Figure 5: In PreAffineRMSNorm, the magnitude of deviation is moved from RMSNorm weights to the PreAffine scaling parameters.
Figure 6: GatedRMSNorm yields weights close to 1 in almost all dimensions, with the largest deviation only 0.73, indicating suppression of residual sinks.
Numerical Results and Quantization Robustness
Strong performance improvements are reported for explicit rescaling architectures:
- GatedNorm yields average performance gains of 2 points in pretraining and maintains quantization robustness under aggressive W4A4 (4-bit weight and activation) quantization, with only 1.2-point degradation, outperforming both PreAffine and baseline methods.
- Explicit rescaling eliminates sharp performance sensitivity to architectural choices: GLU, typically inferior to SwiGLU due to its limited outlier generation, matches or surpasses SwiGLU when augmented with GatedNorm.
These results indicate that, once outlier-driven rescaling is replaced with explicit mechanisms, model performance becomes less sensitive to details of activation nonlinearity or outlier-producing architectural features.
Implications and Future Directions
The findings have several immediate implications:
- Practical: Explicit gating-based rescaling should be considered a standard architectural feature for robust, quantization-friendly transformer models. This is particularly urgent for models deployed in resource-constrained hardware, where numerical instabilities due to outliers are problematic.
- Theoretical: The role of normalization is recast from simple variance control to a functional enabler of dynamic feature scaling—realized through outlier-driven rescaling and now, via gated pathways.
- Architectural robustness: Explicit rescaling reduces reliance on brittle emergent phenomena, increasing model robustness to architectural and hyperparameter choices.
From a broader perspective, these observations suggest that further theoretical work is required to clarify why such rescaling, either via emergent outliers or explicit gates, is essential for efficient representation learning and optimization in overparameterized deep networks.
Conclusion
This work advances a unified framework for understanding the emergence and necessity of outliers in transformer LLMs as instances of outlier-driven rescaling. It demonstrates, via analytic and empirical means, that these outliers interact crucially with normalization to ensure stable and effective training, and that naïvely clipping or suppressing outliers is detrimental.
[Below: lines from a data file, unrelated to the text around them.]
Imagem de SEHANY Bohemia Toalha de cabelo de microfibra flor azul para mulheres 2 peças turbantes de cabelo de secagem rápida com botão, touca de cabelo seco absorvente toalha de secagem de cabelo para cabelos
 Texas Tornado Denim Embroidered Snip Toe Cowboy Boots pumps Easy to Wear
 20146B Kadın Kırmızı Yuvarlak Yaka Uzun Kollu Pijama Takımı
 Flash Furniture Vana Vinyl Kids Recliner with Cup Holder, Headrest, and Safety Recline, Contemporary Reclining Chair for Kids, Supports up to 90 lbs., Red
By introducing explicit parameterizations such as PreAffine or GatedNorm, it is possible to eliminate pathological activation outliers and achieve comparable or superior performance and quantization robustness. The insights point to explicit rescaling as a preferred design principle for future robust and scalable LLMs, and motivate further mechanistic investigations into the interplay between normalization, outlier emergence, and deep optimization.